Author: Jasson Prestiliano, Azhari Azhari, and Arif Nurwidyantoro (2025)
Problem and Challenge
Online games such as Roblox and Minecraft are considered child-friendly because the developers do not include elements harmful to children in their games. The feature that makes these two games very popular is the user-generated content feature offered by both games, which allows each player to create content as they wish. Some parents banned Roblox from their homes because of an incident where many players sexually assaulted their seven-year-old daughter’s Roblox Avatar. An avatar represents a game player symbolized by the game character they play. Even though there is a maximum security feature by filtering Roblox chats by game developers in English, irresponsible users can still display something inappropriate or violent that can significantly impact the psychology of children who play.
Goal of Experimentation
Propose and develop a multimodal approach of visual and verbal modality of deep learning based violence detection.
Methods
The visual violence detection that becomes the visual modality of this study combines 3D Convolutional Neural Network (3DCNN), BiLSTM, and Attention mechanism in the model architecture. 3DCNN is used to extract the spatiotemporal characteristics of the preprocessed video frames. Following the extraction of spatiotemporal traits, they are systematically processed by BiLSTM in both forward and backward orientations to capture long-term temporal dependencies. BiLSTM will generate several hidden states that will subsequently function as inputs for the attention mechanism. The attention mechanism enhances the importance of key components within the feature sequence, allowing the model to focus on the most relevant information for a particular task.

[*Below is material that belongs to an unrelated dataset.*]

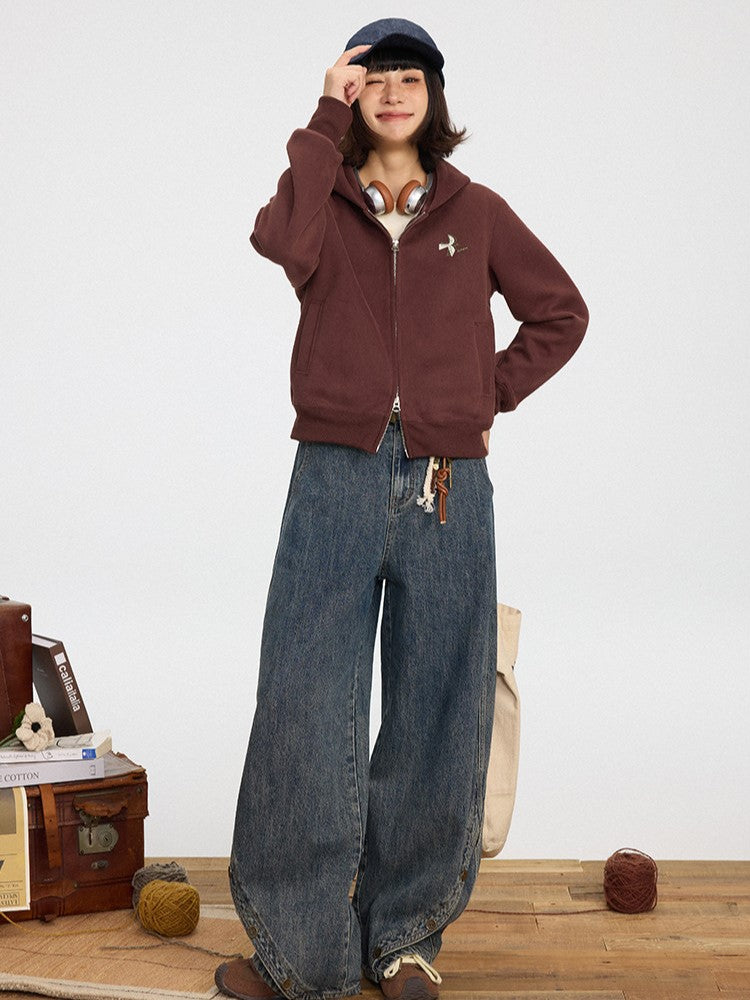 Vintage Red Double-Pull Wine Hoodie Zipper Placket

The proposed violence chat detection model uses BERT combined with BiLSTM. Transformers are the foundation of BERT, a deep learning model that dynamically calculates the weightings between each input and output element based on their connections. BERT is particularly adept at several functions that enable this, including sequence-to-sequence-based language generation tasks, including abstract summarization, sentence prediction, question answering, and conversational response generation. BERT embeddings are contextualized to capture the meaning of a word about its context within a sentence. Consequently, BERT is an exceptional option for integration into automated essay assessment systems. One of the most effective NLP methods for enabling the machine to understand the context of a sentence is BiLSTM, which can generate more meaningful outputs by integrating LSTM layers from both directions.
System Architecture
The multimodal approach is required because many modalities can determine violence within a video capture. This study uses video and chat as the modalities. The video will show the violence visually, while the chat could show violence verbally. Audio is not included because the sound in child-friendly online games usually uses funny or ordinary sounds to disguise the violence. The video and the chat will be processed using an unimodal approach, and then the result of each modality will be combined using a late fusion technique. Late fusion is the most straightforward and often used fusion technique. It integrates data after distinct comprehensive processing in several unimodal streams. The different modalities may be addressed using robust, targeted methods customized to the unique characteristics of each modality. Following a thorough sequence of unimodal processing, usually after label prediction in a recognition task, the outcomes are consolidated, often by summing or averaging. Late fusion has a significant limitation due to its restricted capacity to leverage cross-correlations across various unimodal data.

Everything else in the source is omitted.